-- Opening Marker --

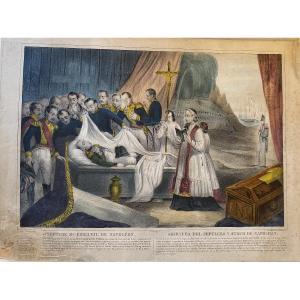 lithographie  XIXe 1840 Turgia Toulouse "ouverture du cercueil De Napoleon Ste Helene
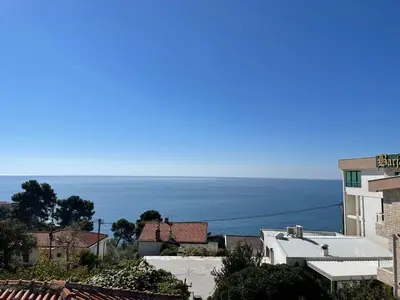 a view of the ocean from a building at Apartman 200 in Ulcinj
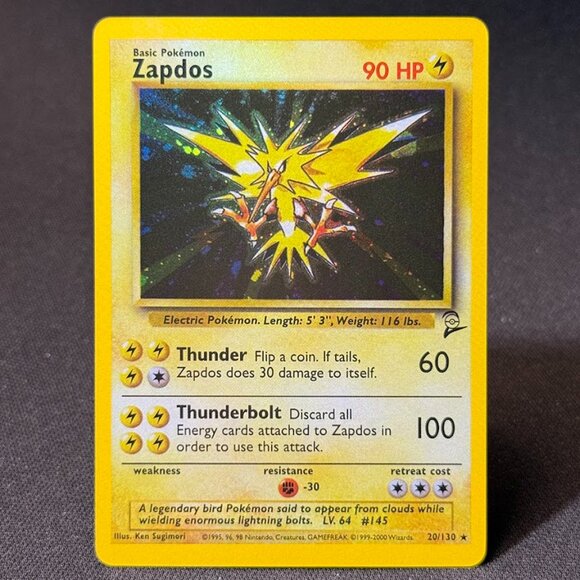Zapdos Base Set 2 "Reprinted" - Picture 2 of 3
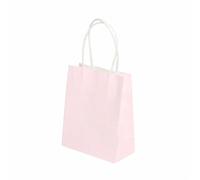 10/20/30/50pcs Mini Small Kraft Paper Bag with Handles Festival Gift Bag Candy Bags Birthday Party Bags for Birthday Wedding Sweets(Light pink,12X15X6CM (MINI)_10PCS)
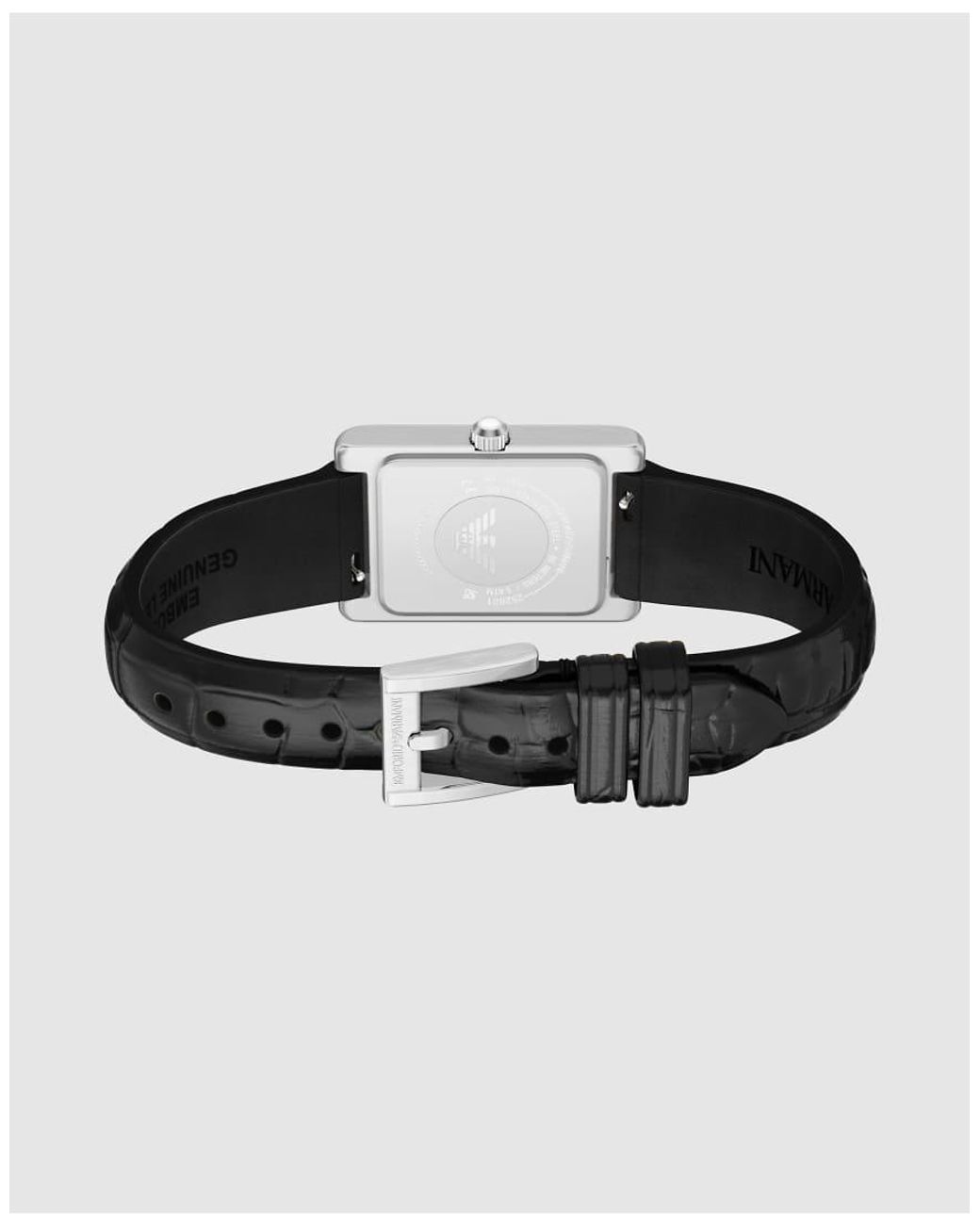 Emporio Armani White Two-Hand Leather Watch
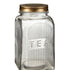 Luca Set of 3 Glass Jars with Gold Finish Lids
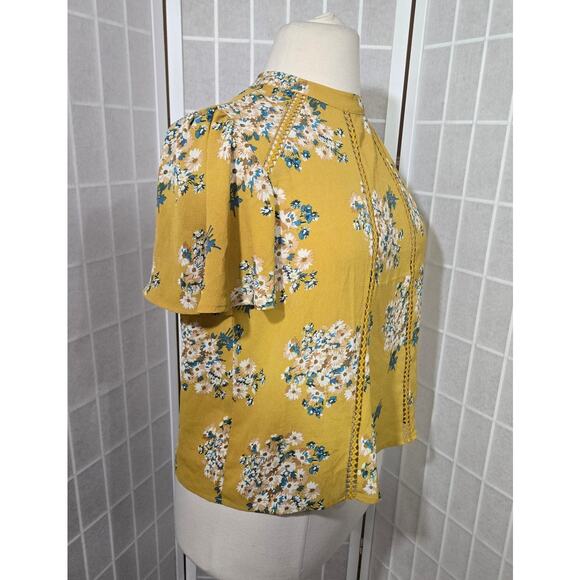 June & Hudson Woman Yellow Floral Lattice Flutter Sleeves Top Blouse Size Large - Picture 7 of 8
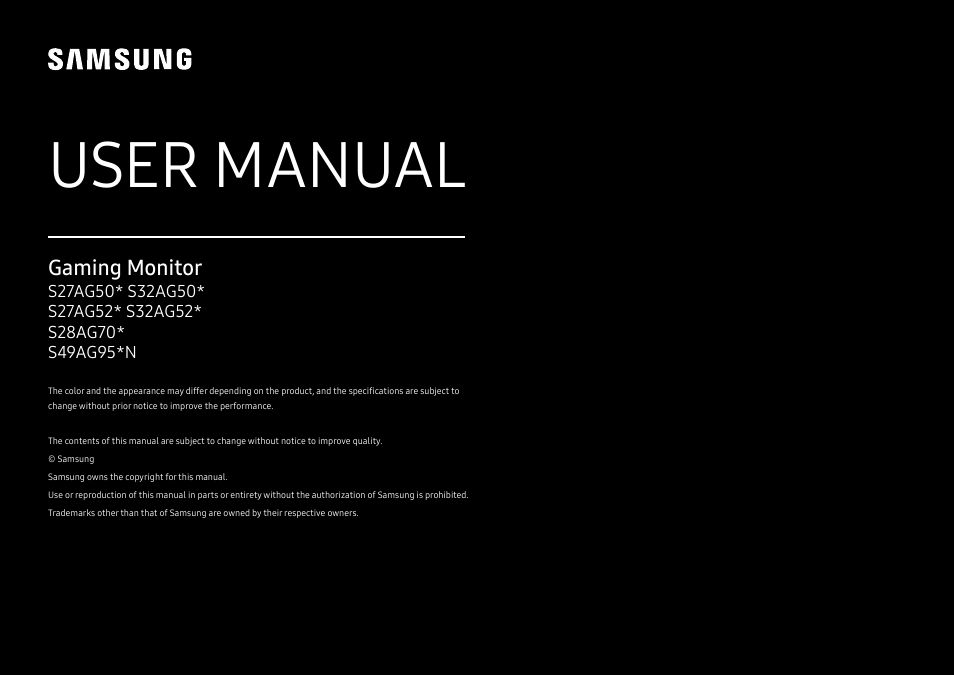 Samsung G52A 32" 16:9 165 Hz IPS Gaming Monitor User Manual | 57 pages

-- Closing Marker --
-- Opening Marker --

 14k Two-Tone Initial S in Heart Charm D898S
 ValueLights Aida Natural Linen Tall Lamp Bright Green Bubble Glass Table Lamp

-- Closing Marker --

Exercise directions: Among the entries above, find the line with "Napoleon Ste Helene" and repeat exactly from there through the line with "Manual | 57 pages", leaving out the pictures.

Response below:
 lithographie  XIXe 1840 Turgia Toulouse "ouverture du cercueil De Napoleon Ste Helene
 a view of the ocean from a building at Apartman 200 in Ulcinj
Zapdos Base Set 2 "Reprinted" - Picture 2 of 3
 10/20/30/50pcs Mini Small Kraft Paper Bag with Handles Festival Gift Bag Candy Bags Birthday Party Bags for Birthday Wedding Sweets(Light pink,12X15X6CM (MINI)_10PCS)
 Emporio Armani White Two-Hand Leather Watch
 Luca Set of 3 Glass Jars with Gold Finish Lids
 June & Hudson Woman Yellow Floral Lattice Flutter Sleeves Top Blouse Size Large - Picture 7 of 8
 Samsung G52A 32" 16:9 165 Hz IPS Gaming Monitor User Manual | 57 pages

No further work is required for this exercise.